Il soulignait le lien existant entre la Bavière et Rome: deux « pôles » féconds. Il rappelait que l’Evangile est parvenu en Bavière depuis Rome, grâce aux marchands, aux fonctionnaires et aux soldats qui furent envoyés dans la région du Danube et de la Lech.

Au 16e et au 17e siècle, ajoutait le pape, (c’était à la suite de la Réforme) la Bavière a donné un « beau témoignage de sa fidélité à l’Eglise catholique », et ce fut source d’un échange culturel fécond entre la Bavière et le Siège de Pierre. Il citait également les « saints » modernes donnés à l’Eglise par la Bavière, le saint frère capucin Konrad von Parzam (1818-1894) et le bienheureux P. Rupert Mayer (1876-1945), jésuite vénéré à Munich. Des noms salués par des acclamations.

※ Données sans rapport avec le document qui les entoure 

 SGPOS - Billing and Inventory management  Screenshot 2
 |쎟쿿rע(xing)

Enfin, le pape disait combien il se réjouissait de la prochaine rencontre de Cologne « où les jeunes du monde vont se rencontrer, ou plutôt où les jeunes du monde vont rencontrer le Christ ».

« J’ai confiance dans votre aide, concluait le pape, ému. Je vous demande votre proximité, et si je me trompe, comme il arrive à tout homme, ou lorsque quelque chose n’est pas compris (…) de ce que le pape dit ou fait. Je vous demande votre confiance. Ensemble, nous trouverons le droit chemin ».

Le pape terminait par sa bénédiction en se confiant à Marie, « Mère du Seigneur », en tant que « femme » et en tant que « mère ».

Il a ensuite invité les pèlerins à prier avec lui un Notre Père et un Je vous salue Marie, en allemand, avant de donner sa bénédiction, toujours en allemand. « Il ne me reste qu’à vous dire: Allez en paix », a-t-il conclu sous les ovations.

Il a ensuite reçu les évêques un à un, chaleureusement: on a assisté à de longues poignées de mains, aux accolades, ou bien le pape serrait tel prêtre ou tel évêque par les épaules, affectueusement, les relevant lorsqu’ils mettaient un genou en terre pour baiser l’anneau du pêcheur. Et tandis que le p ape ne se soustrayait pas à ces effusions, les jeunes scandaient son nom, longuement, … en italien: « Beee-ne-det-to ».

Un orgue avait été placé salle Paul VI pour accompagner ces salutations. Un cardinal – Friedrich Wetter, de Münich – a offert au pape une croix pectorale magnifique. Une statue polychrome de la Vierge à l’enfant lui a aussi été offerte, et le pape l’a aussitôt présentée aux acclamations de ses visiteurs en signe de remerciement.